### Task objective
Every line below must be copied as written, except for pictures.

### Supplied material

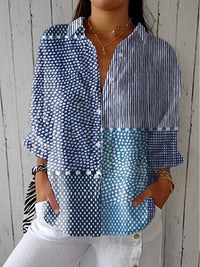 Mary | Relaxed Style Classic Patchwork Blouse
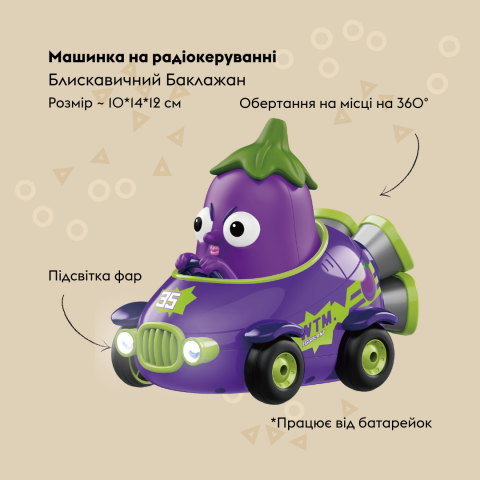 Машинка OTAMANKO Блискавичний Баклажан Фіолетовий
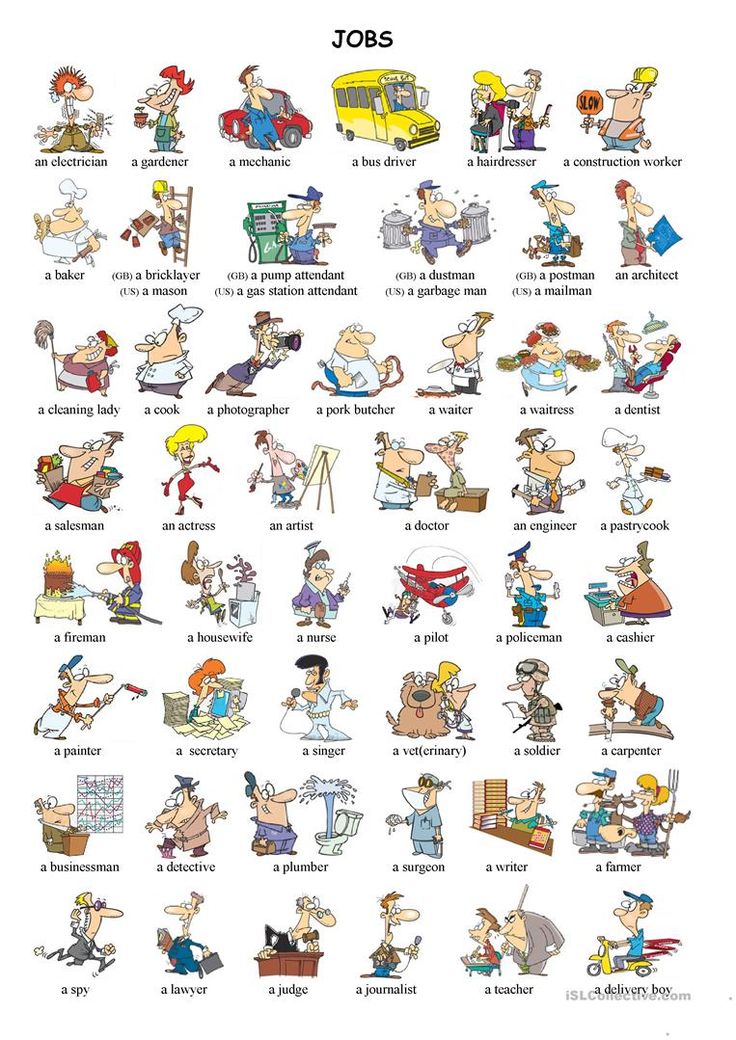 an image of different types of jobs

### Exercise solution
 Mary | Relaxed Style Classic Patchwork Blouse
 Машинка OTAMANKO Блискавичний Баклажан Фіолетовий
 an image of different types of jobs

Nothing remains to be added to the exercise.